3.1 Selbstreflexion des Forschers
Der Forschungstätigkeit wird wie jeder anderen Handlungsweise auch die Achtung de Menschenwürde und Menschenrechte als Standard vorausgesetzt. „Dieses zu tun, ist keine besondere Leistung eines Forschers, sondern das, was von jedem Menschen als Basisethik erwartet werden kann und erwartet wird. Es stellt sich die Frage, wie jemand jeweils in den seinigen Handlungs- und Lebenszusammenhängen zu handeln hat, um die Menschenwürde und die Menschenrechte zu achten“ (Schnell & Heinritz, 2006, 20). Im Fokus steht also die Reflexion des Forschers bezügliche seines Vorhabens und seines Handelns dieses zu realisieren.
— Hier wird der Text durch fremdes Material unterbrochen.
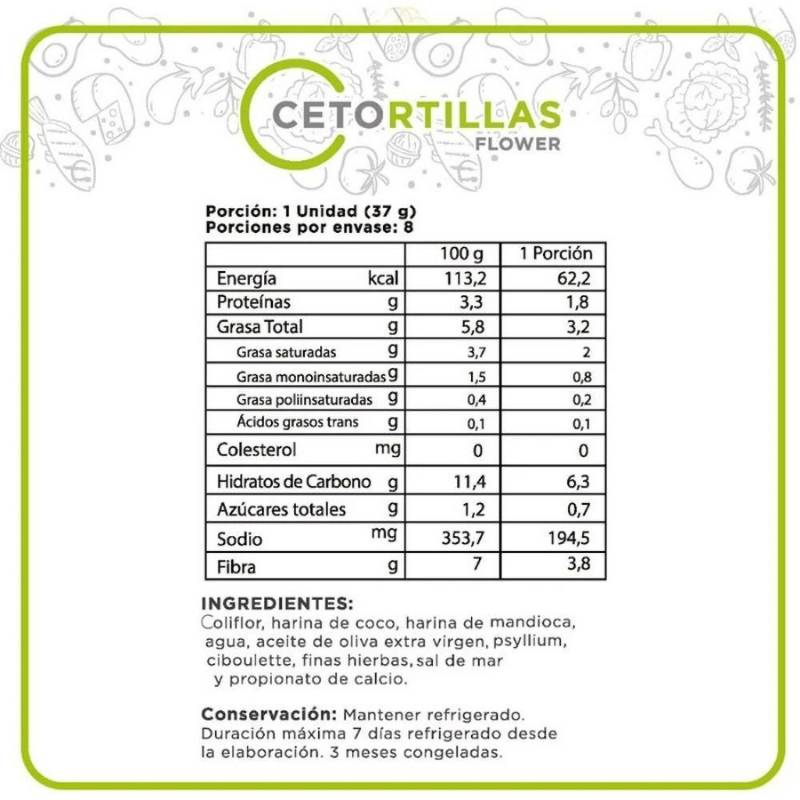 Tortillas Flower Cetotortillas 8 Un - CETOTORTILLAS - Aldea Nativa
Atteslander (2008) führt dazu einige Punkte auf, um eine Reflexion zu erleichtern:
- Individuelle Schädigungen durch die Forschung sind zu vermeiden
- Im Zweifelsfall für die Forschungsbeteiligten
- Offenheit für Menschen und Kulturen
- Achtung der ,Selbstbestimmungsrechte' anderer
- Mögliche Folgen der Veröffentlichung bedenken und mit dem Forschungsanliegen abwägen
- Ständige Selbstreflexion der Forscher über sich und ihre Forschungsabsichten
(Atteslander, 2008, 98)
Darüber hinaus führen Bortz & Döring (2006) auf, der Forscher für alle unplanmäßigen Vorkommnisse zumindest moralisch verantwortlich sei (vgl. Bortz & Döring, 2006, 43).